Records from a dataset:

# # # # #

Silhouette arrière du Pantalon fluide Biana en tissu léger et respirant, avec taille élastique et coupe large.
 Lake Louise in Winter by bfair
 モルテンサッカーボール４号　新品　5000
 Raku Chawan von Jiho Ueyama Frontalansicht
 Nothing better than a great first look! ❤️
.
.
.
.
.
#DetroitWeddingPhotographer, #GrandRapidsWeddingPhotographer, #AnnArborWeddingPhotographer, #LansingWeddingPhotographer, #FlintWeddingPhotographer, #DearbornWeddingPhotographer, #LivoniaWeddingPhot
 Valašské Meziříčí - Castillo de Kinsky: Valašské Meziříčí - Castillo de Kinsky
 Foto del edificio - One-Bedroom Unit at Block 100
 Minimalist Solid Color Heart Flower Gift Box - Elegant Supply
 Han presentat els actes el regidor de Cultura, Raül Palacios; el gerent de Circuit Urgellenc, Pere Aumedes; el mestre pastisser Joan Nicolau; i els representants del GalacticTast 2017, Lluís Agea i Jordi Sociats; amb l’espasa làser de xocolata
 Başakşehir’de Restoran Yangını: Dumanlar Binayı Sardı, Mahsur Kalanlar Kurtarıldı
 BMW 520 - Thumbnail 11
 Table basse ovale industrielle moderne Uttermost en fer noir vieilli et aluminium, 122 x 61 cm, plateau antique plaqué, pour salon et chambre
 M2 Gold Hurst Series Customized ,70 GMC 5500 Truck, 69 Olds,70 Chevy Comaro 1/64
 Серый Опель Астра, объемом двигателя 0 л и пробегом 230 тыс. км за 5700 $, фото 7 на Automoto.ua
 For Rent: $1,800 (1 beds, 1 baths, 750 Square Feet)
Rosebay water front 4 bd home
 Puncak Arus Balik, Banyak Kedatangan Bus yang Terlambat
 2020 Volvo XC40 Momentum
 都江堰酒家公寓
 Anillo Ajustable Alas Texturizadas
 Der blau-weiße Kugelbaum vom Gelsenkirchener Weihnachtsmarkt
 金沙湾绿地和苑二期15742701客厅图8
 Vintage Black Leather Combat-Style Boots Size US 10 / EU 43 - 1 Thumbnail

# # # # #

Instructions to follow —
Look above for the line holding "Nothing better than a great first look! ❤️" and the line holding "Minimalist Solid Color". Retype both, and every line between them, word for word and nothing else.

Written answer —
 Nothing better than a great first look! ❤️
.
.
.
.
.
#DetroitWeddingPhotographer, #GrandRapidsWeddingPhotographer, #AnnArborWeddingPhotographer, #LansingWeddingPhotographer, #FlintWeddingPhotographer, #DearbornWeddingPhotographer, #LivoniaWeddingPhot
 Valašské Meziříčí - Castillo de Kinsky: Valašské Meziříčí - Castillo de Kinsky
 Foto del edificio - One-Bedroom Unit at Block 100
 Minimalist Solid Color Heart Flower Gift Box - Elegant Supply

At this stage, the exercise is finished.